Mad Science Experiments

Amazing Stories from the History of Science

7. Would you go to bed with me tonight? (1978)

The 16 women who were staying on the Florida State University campus in Tallahassee found themselves on the receiving end of a very direct chat-up line. A young man approached them and, without more ado, said, "I have been noticing you around campus. I find you to be very attractive. Would you go to bed with me tonight?" All the women declined, responding either by saying "You’ve got to be kidding", or "What is wrong with you? Leave me alone."

Out of the 16 men who were approached in the same way by a woman, 12 took up the offer. Their responses were "Why do we have to wait until tonight?" or "I can’t tonight, but tomorrow would be fine."

The psychologist Russell Clark, who carried out this experiment, wanted to find out how the sexes responded differently to sexual advances.

Clark was certain that the reason for this difference lay in the asymmetrical biology of the sexes: "In order to produce a child, men need only to invest a trivial amount of energy, a single man can conceivably father an almost unlimited number of children. Conversely, a woman can give birth to and raise only a limited number of children."

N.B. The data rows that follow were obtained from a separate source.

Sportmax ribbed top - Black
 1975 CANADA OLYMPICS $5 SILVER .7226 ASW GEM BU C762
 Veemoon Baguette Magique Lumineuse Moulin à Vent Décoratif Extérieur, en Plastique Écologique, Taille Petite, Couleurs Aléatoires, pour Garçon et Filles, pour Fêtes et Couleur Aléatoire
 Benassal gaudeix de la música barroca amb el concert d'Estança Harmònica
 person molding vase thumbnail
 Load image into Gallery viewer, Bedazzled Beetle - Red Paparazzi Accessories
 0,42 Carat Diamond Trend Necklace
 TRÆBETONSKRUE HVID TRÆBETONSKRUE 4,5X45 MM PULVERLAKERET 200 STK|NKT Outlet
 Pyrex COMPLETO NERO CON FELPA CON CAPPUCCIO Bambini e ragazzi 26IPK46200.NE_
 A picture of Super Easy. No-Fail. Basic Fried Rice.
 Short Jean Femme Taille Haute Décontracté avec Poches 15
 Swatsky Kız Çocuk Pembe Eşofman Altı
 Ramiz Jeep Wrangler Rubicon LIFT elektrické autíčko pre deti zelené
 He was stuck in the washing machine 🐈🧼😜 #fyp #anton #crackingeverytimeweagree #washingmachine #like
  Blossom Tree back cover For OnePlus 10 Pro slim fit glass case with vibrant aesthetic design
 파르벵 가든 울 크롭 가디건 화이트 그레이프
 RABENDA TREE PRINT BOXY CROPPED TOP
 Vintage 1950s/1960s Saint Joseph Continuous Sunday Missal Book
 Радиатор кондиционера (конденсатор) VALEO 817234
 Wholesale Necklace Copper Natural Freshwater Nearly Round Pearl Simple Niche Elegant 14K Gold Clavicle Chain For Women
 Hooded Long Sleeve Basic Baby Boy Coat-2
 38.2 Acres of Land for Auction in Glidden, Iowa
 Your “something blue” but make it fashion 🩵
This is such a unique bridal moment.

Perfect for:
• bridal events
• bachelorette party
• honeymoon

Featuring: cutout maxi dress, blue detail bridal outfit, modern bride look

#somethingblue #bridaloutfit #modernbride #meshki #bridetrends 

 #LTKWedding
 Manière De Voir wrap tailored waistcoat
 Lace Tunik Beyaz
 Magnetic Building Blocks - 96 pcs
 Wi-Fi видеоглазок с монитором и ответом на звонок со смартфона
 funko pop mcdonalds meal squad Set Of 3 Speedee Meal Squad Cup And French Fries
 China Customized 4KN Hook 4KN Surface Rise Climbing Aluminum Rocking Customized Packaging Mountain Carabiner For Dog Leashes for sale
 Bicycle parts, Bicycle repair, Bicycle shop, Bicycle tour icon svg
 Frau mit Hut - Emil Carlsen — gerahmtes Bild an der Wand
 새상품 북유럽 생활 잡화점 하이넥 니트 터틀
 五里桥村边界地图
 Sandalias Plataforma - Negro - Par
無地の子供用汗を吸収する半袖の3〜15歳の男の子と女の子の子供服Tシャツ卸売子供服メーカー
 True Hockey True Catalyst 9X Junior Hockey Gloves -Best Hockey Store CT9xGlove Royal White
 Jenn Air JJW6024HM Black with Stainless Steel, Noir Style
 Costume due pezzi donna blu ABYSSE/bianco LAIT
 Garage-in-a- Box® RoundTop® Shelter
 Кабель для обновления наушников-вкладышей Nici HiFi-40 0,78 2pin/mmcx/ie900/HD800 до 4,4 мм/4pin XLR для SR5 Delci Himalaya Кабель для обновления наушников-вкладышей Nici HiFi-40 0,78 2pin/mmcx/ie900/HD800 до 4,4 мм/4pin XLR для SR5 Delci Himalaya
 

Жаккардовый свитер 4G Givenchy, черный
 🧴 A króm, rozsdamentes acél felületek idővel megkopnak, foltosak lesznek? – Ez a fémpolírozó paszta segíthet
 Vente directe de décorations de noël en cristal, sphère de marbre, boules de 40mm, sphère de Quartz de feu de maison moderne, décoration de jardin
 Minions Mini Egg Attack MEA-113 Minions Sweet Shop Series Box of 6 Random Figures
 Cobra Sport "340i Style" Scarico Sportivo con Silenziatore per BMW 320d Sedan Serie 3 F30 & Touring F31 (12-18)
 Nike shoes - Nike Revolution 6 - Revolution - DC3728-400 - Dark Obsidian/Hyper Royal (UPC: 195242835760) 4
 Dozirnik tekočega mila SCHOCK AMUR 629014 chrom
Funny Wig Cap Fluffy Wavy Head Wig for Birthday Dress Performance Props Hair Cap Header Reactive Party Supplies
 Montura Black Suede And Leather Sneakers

The different cost of sex for men and women was, then, a direct cause of the behaviour that Clark had noticed in his experiment. Women are selective, whereas men are basically prepared to go to bed with any woman. In contrast to the women, who all reacted with outrage to the offer of sex, the four men who didn’t accept were concerned to give the women an excuse, either by saying "I’m married" or "I’m going with someone".

Nowadays the study ‘Gender differences in receptivity to sexual offers’ crops up with great regularity in the media under various headlines (‘Indirect evidence that men are stupid’, ‘Guys = Icky: The definite proof’). The BBC repeated the experiment for a documentary film involving a hidden camera. It turned out that English men were icky as well.